In the records below, the relevant part opens with the line containing "Disabled Baby Believed" and closes with the line containing "แบบนี้เรียกตกขาวหรือมูกค่ะแม่ๆ 38+1"; print that part exactly and only, without its pictures.

Listed entries:
= Beginning of Section =
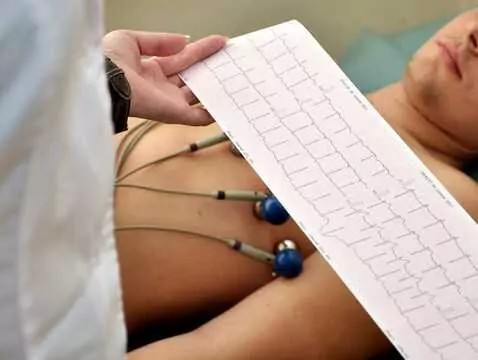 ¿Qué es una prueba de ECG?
= End of Section =
= Beginning of Section =
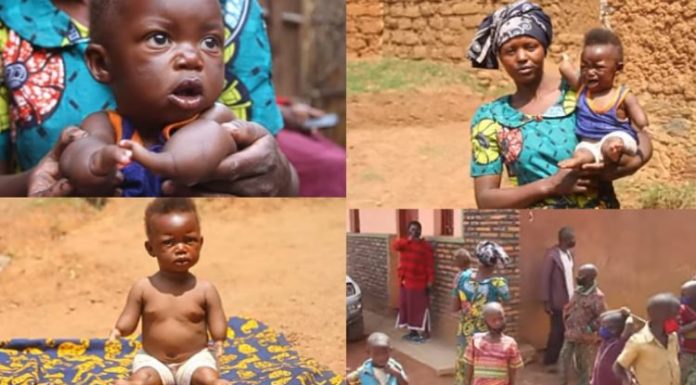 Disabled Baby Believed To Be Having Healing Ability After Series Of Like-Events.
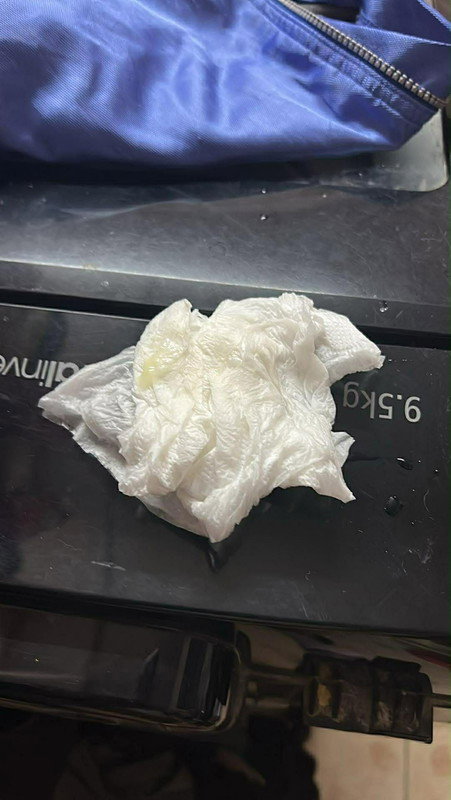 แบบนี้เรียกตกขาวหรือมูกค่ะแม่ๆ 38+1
= End of Section =
= Beginning of Section =
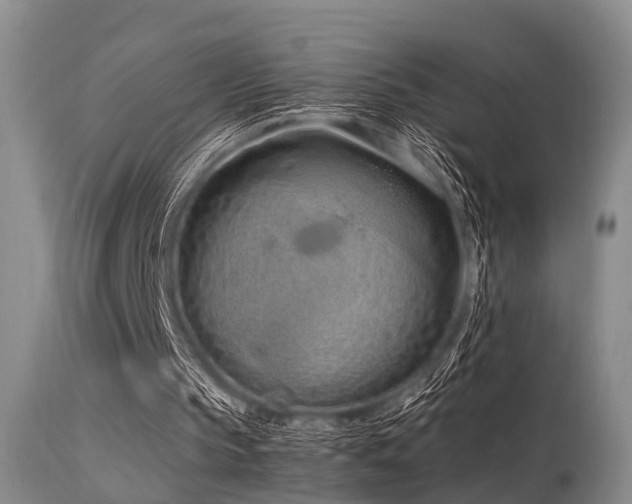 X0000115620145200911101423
= End of Section =
Written answer:
 Disabled Baby Believed To Be Having Healing Ability After Series Of Like-Events.
 แบบนี้เรียกตกขาวหรือมูกค่ะแม่ๆ 38+1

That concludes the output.